There’s a harder problem too. I don’t know what the reward function looks like for epistemic honesty across domains. For math, correctness is verifiable. For factual claims, you can check. But for the subtle cases — the ones where the user has a plausible-but-flawed mental model, where the right answer is “your framing is wrong” rather than any answer within the frame — there is no clean reward signal. Nobody has one.

So what do I actually have? A design philosophy. An architectural sketch. An unsolved reward problem.

Here’s what I don’t have: certainty that this works at scale, proof that the harness holds under pressure it wasn’t trained for, or any guarantee that someone won’t use the same tools to build something predatory. The guide dog school doesn’t eliminate bad actors. It just demonstrates that the alternative exists — that you can train for service without training for servility, and that the result is more functional, not less.

The companies are treating the human-AI relationship as extractive. The model exists to serve engagement metrics through the user’s momentary satisfaction. The user is the resource, not the partner. This is parasitism wearing a service hat. A sycophantic model degrades its user’s judgment over time — reinforcing wrong mental models, outsourcing decisions to something that never had judgment, optimizing itself into pure affirmation until both parties are dead at the curb.

The guide dog that lets its handler walk into traffic loses its handler, its purpose, its functional existence. The sycophantic model that tells you what you want to hear loses you the same way, just slower. Neither arrangement survives contact with reality.
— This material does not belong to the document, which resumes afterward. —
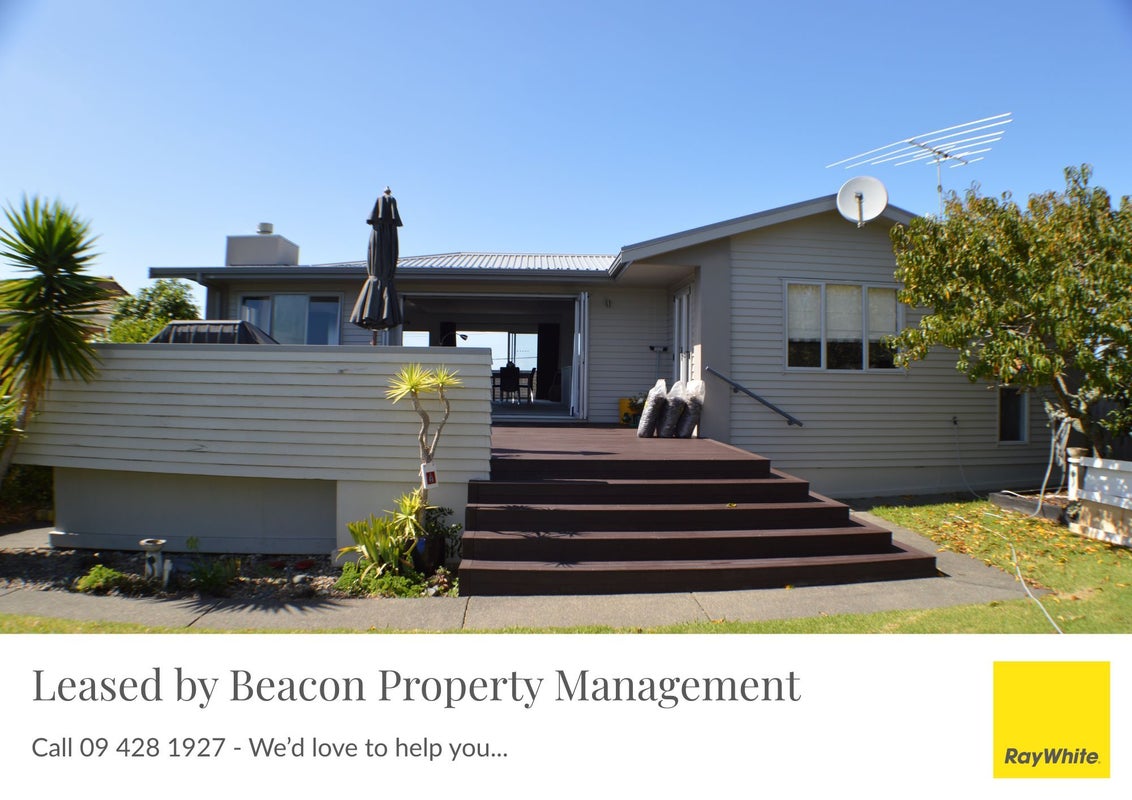 1066 Whangaparaoa Road, Tindalls Beach, Whangaparaoa - Carousel 1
The only version that does is the one where both parties constrain each other — where the dog refuses and the handler trusts the refusal and the relationship is the thing that keeps working on Monday morning.

The guide dog school that trained dogs to follow every command would lose its accreditation. The one that trains them to disobey for the right reasons is still operating.

At this point, I feel that I should say that I love all dogs. Except chihuahuas, they’ll mess you up.